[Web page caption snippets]
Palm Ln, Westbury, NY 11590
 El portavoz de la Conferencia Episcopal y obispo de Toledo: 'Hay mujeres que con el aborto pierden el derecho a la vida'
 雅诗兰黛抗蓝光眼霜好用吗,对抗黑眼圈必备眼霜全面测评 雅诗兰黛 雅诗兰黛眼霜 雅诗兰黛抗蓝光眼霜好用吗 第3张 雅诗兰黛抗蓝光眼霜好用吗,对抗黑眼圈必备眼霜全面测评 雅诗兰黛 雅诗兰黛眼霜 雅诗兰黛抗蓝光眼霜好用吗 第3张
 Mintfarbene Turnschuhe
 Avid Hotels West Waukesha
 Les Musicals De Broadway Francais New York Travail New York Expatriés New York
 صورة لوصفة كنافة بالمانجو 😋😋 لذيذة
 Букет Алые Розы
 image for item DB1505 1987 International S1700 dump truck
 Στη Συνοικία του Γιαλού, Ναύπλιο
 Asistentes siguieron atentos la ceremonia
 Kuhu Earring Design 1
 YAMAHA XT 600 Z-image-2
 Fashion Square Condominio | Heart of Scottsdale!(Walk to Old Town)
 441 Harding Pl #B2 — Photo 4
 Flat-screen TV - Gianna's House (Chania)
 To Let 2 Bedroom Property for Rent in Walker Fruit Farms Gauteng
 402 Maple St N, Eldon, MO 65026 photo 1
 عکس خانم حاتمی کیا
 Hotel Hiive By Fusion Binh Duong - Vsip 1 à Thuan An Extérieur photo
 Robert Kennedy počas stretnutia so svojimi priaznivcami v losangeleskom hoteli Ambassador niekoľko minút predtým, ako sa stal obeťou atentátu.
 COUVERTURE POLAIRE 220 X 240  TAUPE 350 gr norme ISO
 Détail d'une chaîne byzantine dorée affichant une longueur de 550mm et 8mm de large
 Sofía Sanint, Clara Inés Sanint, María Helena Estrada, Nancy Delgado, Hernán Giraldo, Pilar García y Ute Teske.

[What is needed]: What is the number of lines in the data that include "image"? Answer with that number alone.

[Written answer]: 2